Exposé print issues (1993-2011)
Brian Woodbury — Antipathy & Ideology
(ReR Megacorp Some Phil 12, 2020, CD)
by Peter Thelen, Published 2021-02-18
L.A. based songwriter, lyricist, producer, arranger and multi-instrumentalist Brian Woodbury makes his living composing for television, various musicals, children’s TV, and leads several different musical groups, in addition to releasing his own music, like the four CD Anthems & Antithets series, for which Antipathy & Ideology is part three, the first two installments Levity & Novelty and Balladry & Soliloquy reviewed in these pages last year. The music herein could best be described as quirky novelty pop freely borrowing from many different genres, all filtered through Woodbury’s mildly sarcastic element. That’s his shtick, and it could apply in varying degrees to any of the albums in this series, and to much of what he has done going all the way back to his late 80s debut All White People Look Alike. With a very few exceptions, the works in this series are all written — or in some cases co-written by Woodbury, and feature an impressively large number of musicians playing just about any instrument imaginable, depending on the requirements of any particular song, which cover a wide range of styles and genres or fragments thereof. And that could apply to this album, or either of the first two (and I suspect it will apply to the fourth as-yet-unreleased installment due out later in 2021). So what are the differences? It pretty much boils down to the song lyrics. On Antipathy & Ideology, the lyrics are more sociological and mildly political, sometimes a bit darker and more disturbing than the previous two, though that’s not always the case.
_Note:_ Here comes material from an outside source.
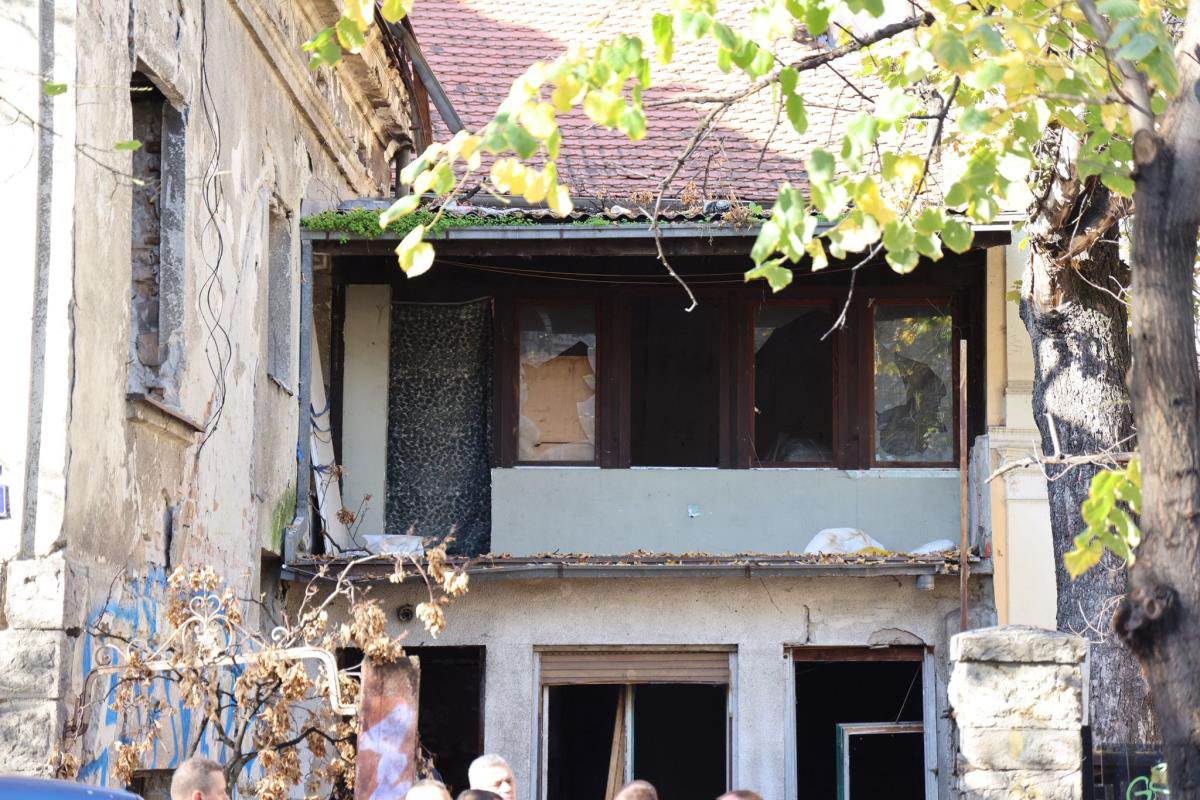 Mesto zločina u Francuskoj ulici u Beogadu (6).jpg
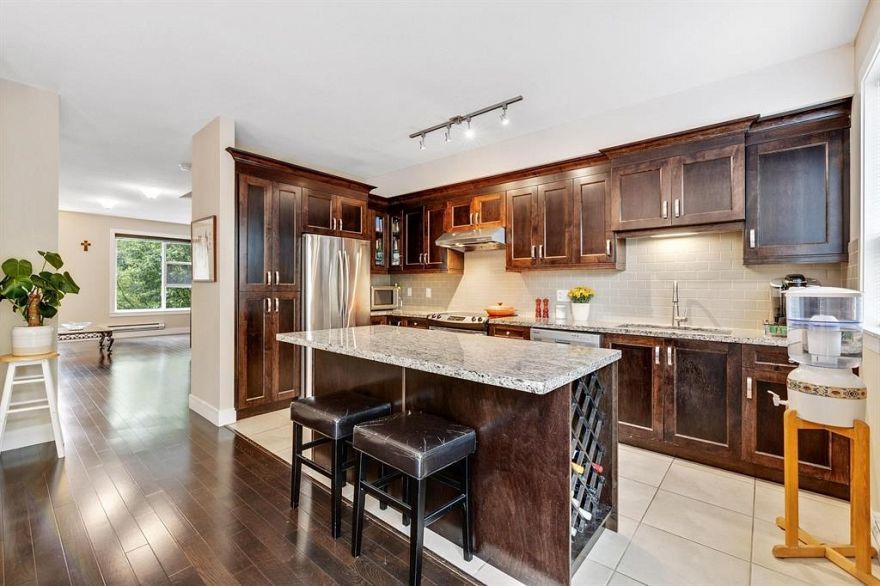 26 1299 COAST MERIDIAN ROAD, Coquitlam BC V3E 0H6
Song titles like “Poor Landlord,” “Get out of Your Car,” “Welcome to America.” “Why Can’t It Be Like It Was,” and “Good Cop Bad Cop” might provide some insight into where Woodbury’s lyrics are coming from, or even more direct titles like “The South Will Rise Again, Again” and “I Oppose the Troops,” he’s not mincing words on some of these (all the lyrics are on his Bandcamp site, link below). Like the previous two, Antipathy & Ideology shows Woodbury’s passionate skill in a most unconventional strain of songcraft.